The United Nations Conference on Climate Change is happening at the end of November, and the run up to it has seen a selection of boosts to its objective of combatting man-made (anthropogenic) global warming. Sweden, for example, has declared it aims to be the world’s first fossil fuel-free nation, and the International Energy Agency has concluded that 26% of the world will run on renewable energy by 2020.
However, it’s not all good news: a new study dramatically reveals which low-lying American cities are already doomed by climate change, including New Orleans and Miami.
Of course, it’s not just our planet: we share it with billions of forms of life, and rapid, dangerous climate change will affect the ecosystems across the world in complex ways.
The oceans are no exception to this, and this latest study casts a gloomy shadow over the future of aquatic ecosystems. Specifically, biodiversity is decreasing in a range of communities, including tropical and arctic waters, coral reefs, open oceans and kelp forests.
The research is what is known as a meta-study: an analysis of pre-existing data published on the subject. The authors, from the University of Adelaide, Australia, scoured through 632 papers investigating marine ecosystems, and the findings were damning.
The exponential increase in the carbon dioxide content in the atmosphere doesn’t just cause a more potent greenhouse effect: the gas dissolves in water to form carbonic acid, and the more we emit, the more acidic the oceans get. If this happens at a rate too fast for life to adapt, then it will begin to die out. This is precisely what the authors of the study found, showing that biodiversity across a range of ocean communities will drop and many key species that underpin these ecosystems will die out.

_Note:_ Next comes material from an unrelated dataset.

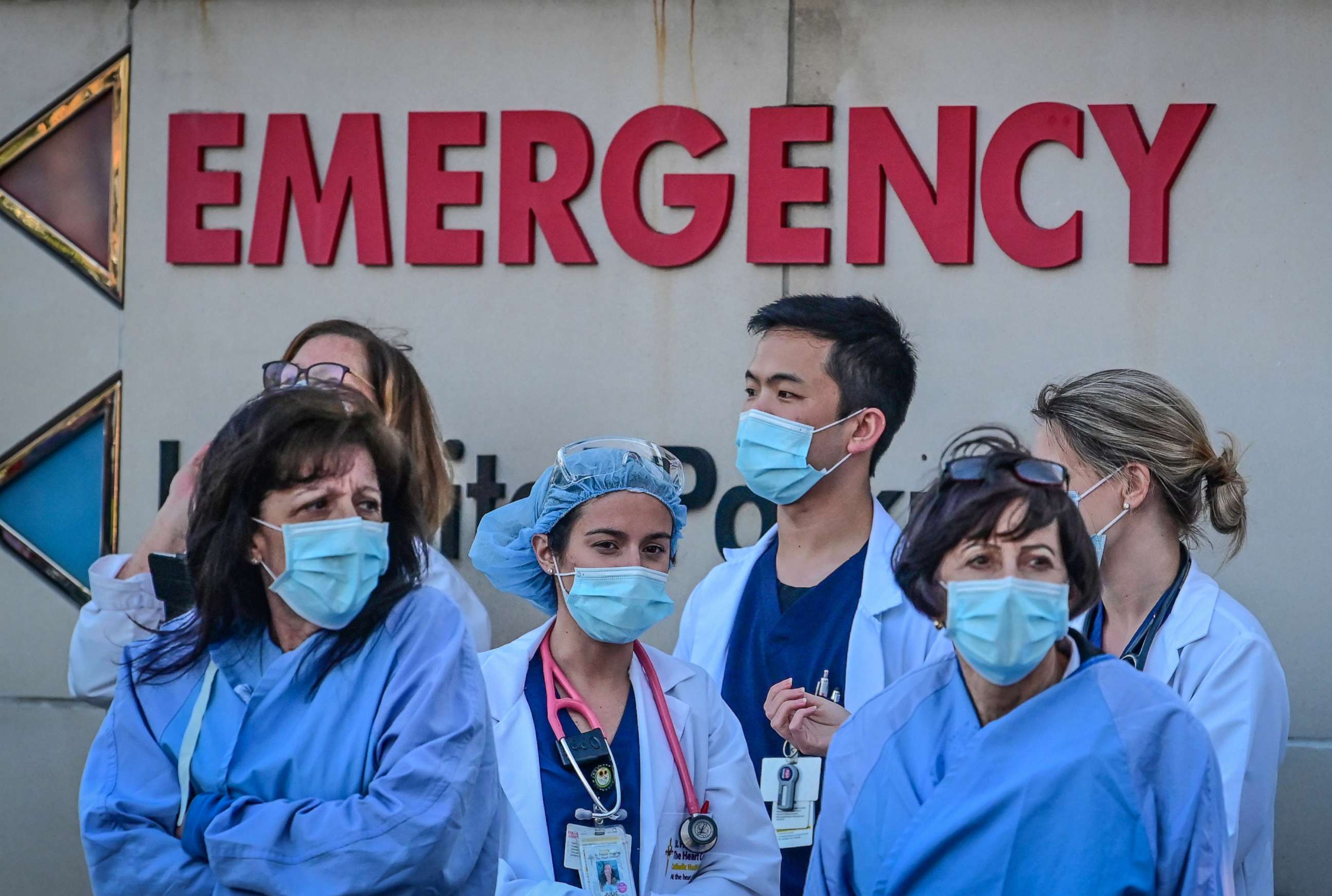 PHOTO: In this April 9, 2020, file photo, healthcare workers gather in front of St. Francis Hospital in Roslyn, New York.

"There is a mismatch with less food available for carnivores," said Ivan Nagelkerken, one of the co-authors of the study, in a statement. "There will be a species collapse from the top of the food chain down."
This study will also come as bad news for coral reefs: both increasing water temperatures and rates of acidification will hamper the ability for coral to form habitats. With a new global bleaching event declared by the National Oceanic and Atmospheric Administration, this news strikes a particularly morbid tone.

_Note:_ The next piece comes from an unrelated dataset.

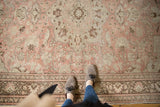 Pale blush, antique ivory, and brown curvilinear motifs on a distressed vintage Oushak rug.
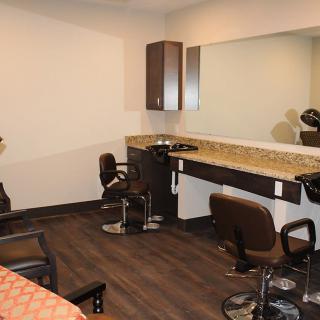 A modern hair salon interior with chairs, a large mirror, and a countertop.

“We know relatively little about how climate change will affect the marine environment," said Sean Connell, the other co-author of the study, in the statement. "Where quantitative [measurable by numbers] assessments exist, they typically focus on single stressors, single ecosystems or single species. This analysis combines the results of all these experiments to study the combined effects of multiple stressors on whole communities, including species interactions and different measures of responses to climate change."
Make no mistake, this ecosystem collapse will directly affect us humans – fisheries around the world will find major stocks of fish being rapidly depleted as a result. As always, the only sensible thing to do is to try and curb global carbon emissions, which is precisely what the upcoming UN conference will hope to agree on.